Kebijakan pemerintah untuk melarang ekspor bijih nikel mulai awal tahun 2020 membuahkan hasil yang positif. Nilai ekspor komoditas turunan nikel meningkat signifikan sejak pemerintah memberlakukan kebijakan tersebut.
Hal ini terlihat dari nilai ekspor komoditas turunan nikel pada Januari-Agustus 2022 yang mencapai US$ 12,35 miliar atau tumbuh hingga 263% jika dibandingkan tahun 2019, sebelum pemberlakuan larangan ekspor bijih nikel yang hanya mencapai US$ 3,40 miliar.
“Enam tahun yang lalu, ekspor kita dari nikel kira-kira hanya US$ 1,1 miliar. Sedangkan, pada 2021 sudah mencapai US$ 20,9 miliar. Artinya, nilai tambah lompatannya hingga 19 kali,” kata Menteri Perindustrian Agus Gumiwang Kartasasmita lewat keterangannya di Jakarta, Minggu (18/9).
Oleh karena itu, lanjutnya, pemerintah terus memacu tumbuhnya industri smelter yang terbukti memberikan multiplier effect atau efek pengganda yang luas bagi perekonomian nasional.
Badan Pusat Statistik (BPS) mencatat, industri pengolahan menjadi kontributor terbesar jika dilihat menurut sektornya, dengan nilai ekspor mencapai US$ 19,79 miliar pada Agustus 2022. Pengapalan sektor manufaktur ini mengalami pertumbuhan 13,49% apabila dibandingkan dengan nilai posisi pada Juli 2022.

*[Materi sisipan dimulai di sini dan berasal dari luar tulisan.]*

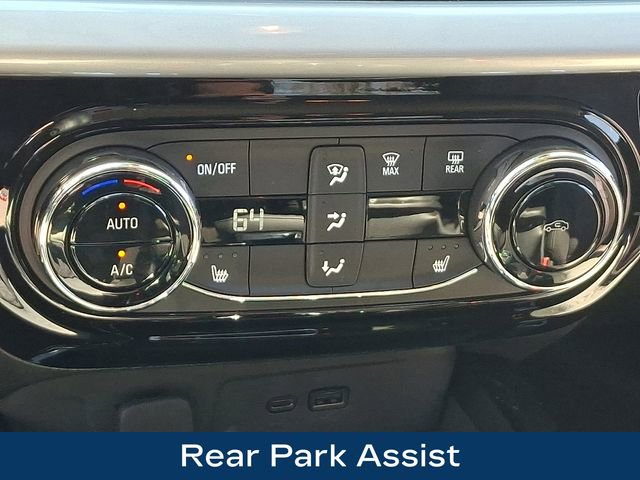 Used 2025 Chevrolet Trax LT w/ Driver Confidence Package image 14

“Kenaikan ekspor ini didorong oleh komoditas minyak kelapa sawit, besi baja, peralatan listrik, kendaraan dan bagiannya, serta turunan nikel,” imbuh Agus.

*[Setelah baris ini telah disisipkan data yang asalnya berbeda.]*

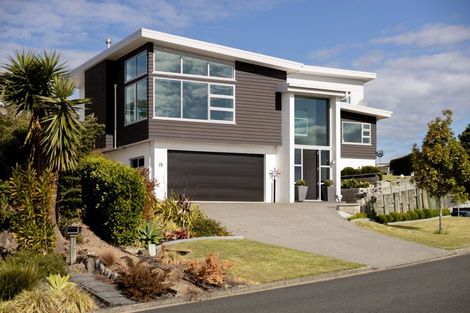 Photo of property in 19 Utopia Park Heights, Welcome Bay, Tauranga, 3112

Sampai saat ini, Kementerian Perindustrian fokus memacu hilirisasi industri berbasis agro, bahan tambang mineral, serta migas dan batu bara.
Menurutnya, banyak manfaat yang telah didapatkan Indonesia dari implementasi kebijakan hilirisasi, antara lain menghasilkan nilai tambah, memperkuat struktur industri, menyediakan lapangan pekerjaan, dan memberikan peluang usaha.
“Melalui hilirisasi, Indonesia tidak lagi menjual barang mentah, namun sudah diolah baik itu produk setengah jadi maupun menjadi produk akhir,” ujar Menperin.
Industri pengolahan mencatatkan nilai ekspor sepanjang Januari-Agustus 2022 sebesar US$ 139,23 miliar atau naik 24,03% dibandingkan periode yang sama pada tahun lalu. Sektor industri memberikan kontribusi paling besar, dengan sumbangsih hingga 71,55% terhadap total nilai ekspor nasional yang menembus US$ 194,60 miliar.
“Kinerja ekspor dari sektor industri manufaktur masih terus melambung, meskipun berada di tengah risiko ketidakpastian kondisi global yang membayangi ekonomi nasional,” kata Agus.
Menperin menegaskan pengapalan sektor industri manufaktur konsisten memberikan andil yang besar terhadap surplus neraca perdagangan Indonesia.
“Neraca perdagangan kita surplus selama 28 bulan berturut-turut, dan ini menunjukkan bahwa kebijakan pemerintah dalam pemulihan ekonomi berada pada jalur yang tepat,” ungkapnya.
Merujuk data BPS, neraca perdagangan secara kumulatif pada Januari-Agustus 2022 mengalami surplus sebesar US$ 34,92 miliar atau tumbuh 68,6% dibandingkan periode sama tahun lalu.
“Surplus neraca perdagangan tidak terlepas dari program hilirisasi industri yang terus kami jalankan, guna meningkatkan nilai tambah sumber daya alam di Indonesia,” tutur Agus.
Adapun kebijakan pemerintah melarang ekspor bijih nikel mentah memicu gugatan dari Uni Eropa yang dilayangkan melalui WTO pada November 2019.
Dalam gugatannya, UE menilai bahwa Indonesia telah melanggar komitmen anggota WTO untuk memberikan akses seluasnya bagi perdagangan internasional, termasuk di antaranya produk nikel mentah.
Indonesia kini sedang menunggu hasil akhir dari proses penyelesaian sengketa dagang yang dilayangkan oleh Uni Eropa dalam sidang WTO terkait larangan ekspor bijih nikel. Gugatan tersebut sedang dalam proses panel sengketa awal dan masih menunggu keputusan final dari WTO.